理学部長 藤本 斉
「Pure Science」の第18号をお届けいたします。「Pure Science」は、熊本大学理学部で行われている研究の一端をご紹介し、基礎研究の奥深さ、面白さを高校生や若い世代の方々に知って頂くために、2007年から毎年発刊している広報誌です。今号も数学、物理科学、化学、地球環境科学、生物科学の各分野から1名ずつ計5名の先生に最近の研究成果や研究に関わる夢などについて執筆して頂きました。
コロナ禍という長いトンネルを抜けて、先生方の研究の最高の理解者であり、最も強力な共同研究者である大学院生や卒業研究生と伴に自由な発想の下、水を得た魚のごとく研究に打ち込んでいる様子が、「Pure Science」から窺えます。この数年間、制約の多い中で貯まりに貯まった鬱憤を晴らすべく、新たな真理に向かって邁進していることを実感できます
私は今年度末をもって大学人としての区切りである定年を迎えます。私が"なぜだろう"と思うことは、分子科学という狭い分野に限ってもまだまだ数多く残っています。これらの解明は、共同研究者を含め、後進の研究者に託します。

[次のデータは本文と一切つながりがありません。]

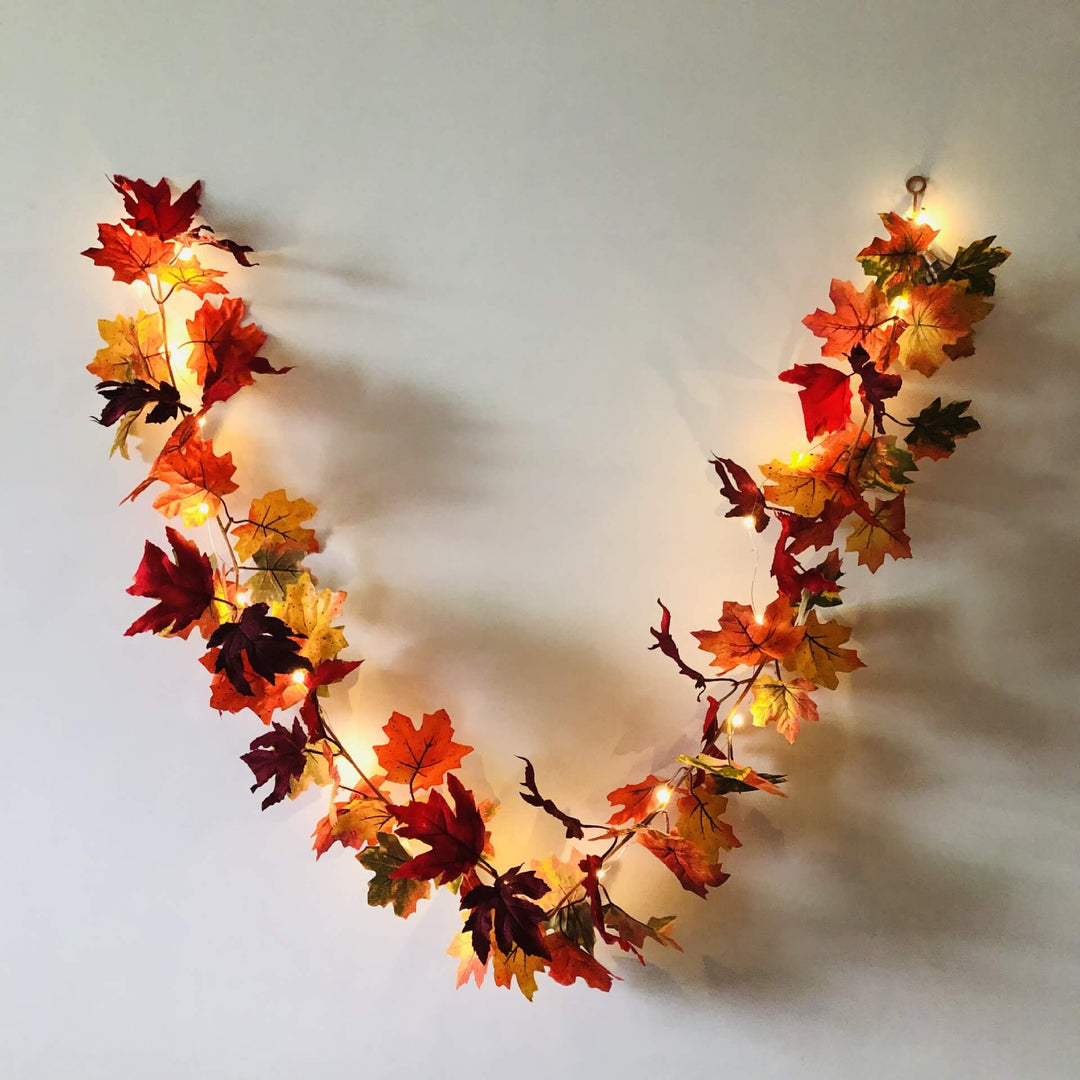 BowLift | Maple Leaf Rattan Party Window Patio Party Thanksgiving Harvest Festival Decoration String Lights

巻頭言の最後に、前号と同じになりますが、博士研究員のときに指導いただいた先生から熊本大学に赴任する際にお贈りいただいた言葉を載せさせていただきます。私のこれまでの研究姿勢に影響を与えた研究者のお一人です。
"天と地と人の和"
よい仕事をするための要件です。"天"は時のことで、何事も機が熟さないと良い仕事はできません。 "地"は場所です。そして何よりも"人の和"というネットワークが大切であることを伝えてくれた言葉です。研究を続けていけば、機はいずれ熟します。残るは、何処で誰と研究をするかです。
「Pure Science」を読まれている皆さん方の中から、熊本の地で稀有な研究を進め、人的ネットワークを広げ、次の世代を担う若き理学研究者が育っていくことを期待しています。